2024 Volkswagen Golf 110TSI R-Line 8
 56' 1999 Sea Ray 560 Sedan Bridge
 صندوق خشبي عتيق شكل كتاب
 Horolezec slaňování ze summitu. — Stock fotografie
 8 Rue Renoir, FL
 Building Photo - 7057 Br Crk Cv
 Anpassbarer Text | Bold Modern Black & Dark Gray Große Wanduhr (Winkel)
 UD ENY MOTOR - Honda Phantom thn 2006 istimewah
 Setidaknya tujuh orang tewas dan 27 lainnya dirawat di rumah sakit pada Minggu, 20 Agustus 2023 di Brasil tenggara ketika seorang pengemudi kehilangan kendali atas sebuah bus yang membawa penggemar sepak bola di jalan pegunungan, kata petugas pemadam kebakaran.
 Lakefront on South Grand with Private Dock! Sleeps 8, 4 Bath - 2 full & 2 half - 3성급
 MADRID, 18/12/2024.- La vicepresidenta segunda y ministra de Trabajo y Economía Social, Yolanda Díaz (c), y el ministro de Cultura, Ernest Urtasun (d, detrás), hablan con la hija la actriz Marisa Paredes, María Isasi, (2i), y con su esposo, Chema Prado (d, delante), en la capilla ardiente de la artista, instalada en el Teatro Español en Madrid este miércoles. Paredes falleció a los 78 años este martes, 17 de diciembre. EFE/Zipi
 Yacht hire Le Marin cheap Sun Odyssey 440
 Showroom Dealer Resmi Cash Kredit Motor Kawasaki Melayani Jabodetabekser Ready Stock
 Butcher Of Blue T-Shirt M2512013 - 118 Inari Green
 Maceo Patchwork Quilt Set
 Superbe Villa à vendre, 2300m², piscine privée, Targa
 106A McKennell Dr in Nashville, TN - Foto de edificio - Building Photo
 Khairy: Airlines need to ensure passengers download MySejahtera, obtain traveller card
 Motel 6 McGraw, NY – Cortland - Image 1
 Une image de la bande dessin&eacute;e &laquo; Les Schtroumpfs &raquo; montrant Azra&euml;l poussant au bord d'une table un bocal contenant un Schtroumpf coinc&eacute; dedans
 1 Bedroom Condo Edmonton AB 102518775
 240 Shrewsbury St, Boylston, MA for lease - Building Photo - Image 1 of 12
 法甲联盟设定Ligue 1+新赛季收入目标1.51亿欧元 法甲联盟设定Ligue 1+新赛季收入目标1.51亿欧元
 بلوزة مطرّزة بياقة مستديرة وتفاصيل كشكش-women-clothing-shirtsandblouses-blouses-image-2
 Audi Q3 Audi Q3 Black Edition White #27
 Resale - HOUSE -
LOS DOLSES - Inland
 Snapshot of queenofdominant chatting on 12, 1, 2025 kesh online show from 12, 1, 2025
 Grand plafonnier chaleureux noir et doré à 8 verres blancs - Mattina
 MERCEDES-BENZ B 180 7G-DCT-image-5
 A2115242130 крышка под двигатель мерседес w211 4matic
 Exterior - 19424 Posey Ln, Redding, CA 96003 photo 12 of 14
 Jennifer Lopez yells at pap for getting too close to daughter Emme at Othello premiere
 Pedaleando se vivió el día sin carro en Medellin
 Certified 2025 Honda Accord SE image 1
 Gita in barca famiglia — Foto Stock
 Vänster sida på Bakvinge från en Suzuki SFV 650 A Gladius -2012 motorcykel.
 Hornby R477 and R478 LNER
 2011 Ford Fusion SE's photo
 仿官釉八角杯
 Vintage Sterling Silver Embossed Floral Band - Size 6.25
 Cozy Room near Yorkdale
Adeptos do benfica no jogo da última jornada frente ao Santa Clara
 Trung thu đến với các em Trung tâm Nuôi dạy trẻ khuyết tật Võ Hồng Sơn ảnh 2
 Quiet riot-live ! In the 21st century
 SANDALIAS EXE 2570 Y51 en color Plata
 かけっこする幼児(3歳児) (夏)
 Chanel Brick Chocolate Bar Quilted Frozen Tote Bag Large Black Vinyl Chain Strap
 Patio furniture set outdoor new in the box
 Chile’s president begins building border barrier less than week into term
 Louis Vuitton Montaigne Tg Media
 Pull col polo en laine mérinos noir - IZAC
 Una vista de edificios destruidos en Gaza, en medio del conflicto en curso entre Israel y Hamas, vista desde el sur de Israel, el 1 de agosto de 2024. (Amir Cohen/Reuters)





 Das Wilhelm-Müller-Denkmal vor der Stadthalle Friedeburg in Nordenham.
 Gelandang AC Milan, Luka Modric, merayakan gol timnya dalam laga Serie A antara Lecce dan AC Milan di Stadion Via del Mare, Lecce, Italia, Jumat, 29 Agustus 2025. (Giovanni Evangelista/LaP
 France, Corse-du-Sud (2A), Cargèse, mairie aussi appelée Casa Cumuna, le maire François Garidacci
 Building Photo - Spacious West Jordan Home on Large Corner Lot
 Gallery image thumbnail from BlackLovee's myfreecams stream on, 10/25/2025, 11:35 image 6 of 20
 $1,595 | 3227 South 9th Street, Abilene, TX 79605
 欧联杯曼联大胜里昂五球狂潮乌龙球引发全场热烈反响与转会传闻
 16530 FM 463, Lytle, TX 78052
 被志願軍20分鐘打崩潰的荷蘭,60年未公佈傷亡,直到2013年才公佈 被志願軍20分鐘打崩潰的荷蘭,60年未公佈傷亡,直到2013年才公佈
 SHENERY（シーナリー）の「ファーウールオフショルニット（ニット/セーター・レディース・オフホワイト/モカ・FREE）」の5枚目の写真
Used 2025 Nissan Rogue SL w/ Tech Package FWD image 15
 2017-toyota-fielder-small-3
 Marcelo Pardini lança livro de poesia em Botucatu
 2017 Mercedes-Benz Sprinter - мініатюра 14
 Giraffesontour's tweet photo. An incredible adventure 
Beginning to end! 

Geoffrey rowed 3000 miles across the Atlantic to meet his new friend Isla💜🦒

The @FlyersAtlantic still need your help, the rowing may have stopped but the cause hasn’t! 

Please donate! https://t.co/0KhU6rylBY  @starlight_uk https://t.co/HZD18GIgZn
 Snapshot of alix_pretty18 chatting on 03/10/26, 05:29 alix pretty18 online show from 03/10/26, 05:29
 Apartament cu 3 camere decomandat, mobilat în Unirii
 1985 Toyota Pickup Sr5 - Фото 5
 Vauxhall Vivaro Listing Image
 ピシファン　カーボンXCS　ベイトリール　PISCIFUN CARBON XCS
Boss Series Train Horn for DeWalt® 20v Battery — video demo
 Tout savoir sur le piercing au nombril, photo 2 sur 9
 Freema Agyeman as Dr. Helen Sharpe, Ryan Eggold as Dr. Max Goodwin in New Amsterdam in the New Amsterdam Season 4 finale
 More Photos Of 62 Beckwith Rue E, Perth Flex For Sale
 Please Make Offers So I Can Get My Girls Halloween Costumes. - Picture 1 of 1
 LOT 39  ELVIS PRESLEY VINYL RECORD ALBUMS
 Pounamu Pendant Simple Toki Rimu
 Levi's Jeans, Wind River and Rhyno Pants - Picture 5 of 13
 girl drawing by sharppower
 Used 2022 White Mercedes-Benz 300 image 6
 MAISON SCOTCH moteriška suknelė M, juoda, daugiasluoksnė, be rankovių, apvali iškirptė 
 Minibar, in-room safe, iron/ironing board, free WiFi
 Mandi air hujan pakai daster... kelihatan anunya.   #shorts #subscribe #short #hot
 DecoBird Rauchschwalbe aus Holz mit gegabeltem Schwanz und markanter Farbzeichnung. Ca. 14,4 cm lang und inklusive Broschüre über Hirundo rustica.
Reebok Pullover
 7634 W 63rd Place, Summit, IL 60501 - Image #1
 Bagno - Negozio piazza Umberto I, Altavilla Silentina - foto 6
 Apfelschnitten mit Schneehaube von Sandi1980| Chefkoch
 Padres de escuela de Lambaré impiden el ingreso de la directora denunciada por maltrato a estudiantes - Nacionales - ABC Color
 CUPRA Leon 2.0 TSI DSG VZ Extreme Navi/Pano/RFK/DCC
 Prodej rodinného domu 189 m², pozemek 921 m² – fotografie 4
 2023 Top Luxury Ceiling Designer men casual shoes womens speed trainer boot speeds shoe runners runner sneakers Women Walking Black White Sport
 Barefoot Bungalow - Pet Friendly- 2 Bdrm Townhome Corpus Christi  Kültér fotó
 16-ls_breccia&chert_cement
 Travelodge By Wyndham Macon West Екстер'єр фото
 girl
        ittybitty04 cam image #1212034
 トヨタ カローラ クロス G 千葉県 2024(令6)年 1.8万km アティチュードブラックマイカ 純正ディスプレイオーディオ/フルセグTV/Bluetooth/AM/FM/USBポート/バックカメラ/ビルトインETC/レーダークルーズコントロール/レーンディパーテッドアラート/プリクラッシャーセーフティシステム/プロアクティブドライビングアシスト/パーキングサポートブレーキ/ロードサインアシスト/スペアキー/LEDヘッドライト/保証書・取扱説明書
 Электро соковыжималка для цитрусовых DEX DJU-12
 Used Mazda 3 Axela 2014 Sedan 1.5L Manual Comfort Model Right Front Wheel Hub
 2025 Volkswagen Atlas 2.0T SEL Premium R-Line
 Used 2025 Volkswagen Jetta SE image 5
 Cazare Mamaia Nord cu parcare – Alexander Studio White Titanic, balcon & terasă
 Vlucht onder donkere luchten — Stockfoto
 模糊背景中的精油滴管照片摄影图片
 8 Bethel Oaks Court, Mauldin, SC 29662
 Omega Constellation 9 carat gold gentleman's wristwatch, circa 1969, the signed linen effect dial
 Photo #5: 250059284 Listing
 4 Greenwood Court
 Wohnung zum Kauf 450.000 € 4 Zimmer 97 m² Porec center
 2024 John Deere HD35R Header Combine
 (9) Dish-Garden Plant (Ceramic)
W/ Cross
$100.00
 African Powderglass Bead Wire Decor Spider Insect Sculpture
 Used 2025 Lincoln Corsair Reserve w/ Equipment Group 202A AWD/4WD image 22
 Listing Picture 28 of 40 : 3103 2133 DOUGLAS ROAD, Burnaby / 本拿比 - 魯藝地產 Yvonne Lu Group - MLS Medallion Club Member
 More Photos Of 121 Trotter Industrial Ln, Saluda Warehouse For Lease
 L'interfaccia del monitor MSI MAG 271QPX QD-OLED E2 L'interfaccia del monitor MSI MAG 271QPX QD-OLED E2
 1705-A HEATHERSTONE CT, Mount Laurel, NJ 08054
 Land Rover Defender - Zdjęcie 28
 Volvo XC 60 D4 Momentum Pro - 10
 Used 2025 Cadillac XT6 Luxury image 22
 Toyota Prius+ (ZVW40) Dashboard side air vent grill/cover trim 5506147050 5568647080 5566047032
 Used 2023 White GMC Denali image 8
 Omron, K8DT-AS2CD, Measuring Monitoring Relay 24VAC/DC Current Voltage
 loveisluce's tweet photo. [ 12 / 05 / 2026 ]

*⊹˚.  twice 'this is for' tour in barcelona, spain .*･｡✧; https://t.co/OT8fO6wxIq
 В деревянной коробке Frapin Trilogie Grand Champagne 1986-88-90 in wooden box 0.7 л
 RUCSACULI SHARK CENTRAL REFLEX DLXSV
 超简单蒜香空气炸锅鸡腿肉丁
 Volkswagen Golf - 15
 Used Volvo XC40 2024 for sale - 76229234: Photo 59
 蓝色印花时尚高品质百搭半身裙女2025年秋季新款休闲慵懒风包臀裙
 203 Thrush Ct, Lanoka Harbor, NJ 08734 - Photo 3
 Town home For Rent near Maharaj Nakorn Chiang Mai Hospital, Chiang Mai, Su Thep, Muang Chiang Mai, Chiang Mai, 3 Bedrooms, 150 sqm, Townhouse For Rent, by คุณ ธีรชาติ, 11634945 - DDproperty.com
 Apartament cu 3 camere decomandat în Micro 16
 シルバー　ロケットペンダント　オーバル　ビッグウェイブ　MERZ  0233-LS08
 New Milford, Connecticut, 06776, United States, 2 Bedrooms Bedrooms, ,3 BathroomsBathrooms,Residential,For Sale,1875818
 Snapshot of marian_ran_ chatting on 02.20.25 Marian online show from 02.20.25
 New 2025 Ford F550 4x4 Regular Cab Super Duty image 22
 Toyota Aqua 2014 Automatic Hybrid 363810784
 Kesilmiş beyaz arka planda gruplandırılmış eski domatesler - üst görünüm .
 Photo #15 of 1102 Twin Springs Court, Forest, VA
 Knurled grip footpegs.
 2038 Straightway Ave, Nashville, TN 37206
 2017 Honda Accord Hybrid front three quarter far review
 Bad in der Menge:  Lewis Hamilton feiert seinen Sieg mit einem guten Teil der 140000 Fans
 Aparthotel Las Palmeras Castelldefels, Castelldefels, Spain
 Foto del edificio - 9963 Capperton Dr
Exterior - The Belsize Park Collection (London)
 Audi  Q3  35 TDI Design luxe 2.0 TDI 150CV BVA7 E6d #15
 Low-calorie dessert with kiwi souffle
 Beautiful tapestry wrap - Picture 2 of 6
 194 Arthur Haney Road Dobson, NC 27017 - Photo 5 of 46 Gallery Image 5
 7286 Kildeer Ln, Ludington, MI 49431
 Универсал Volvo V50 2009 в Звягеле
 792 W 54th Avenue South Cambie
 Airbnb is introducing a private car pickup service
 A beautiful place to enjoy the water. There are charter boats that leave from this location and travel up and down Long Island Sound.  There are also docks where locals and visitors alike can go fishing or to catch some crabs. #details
···
Starting from the records above, copy each line where the string "Honda" is found.

__EXERCISE RESULT__.
 UD ENY MOTOR - Honda Phantom thn 2006 istimewah
 Certified 2025 Honda Accord SE image 1
 2017 Honda Accord Hybrid front three quarter far review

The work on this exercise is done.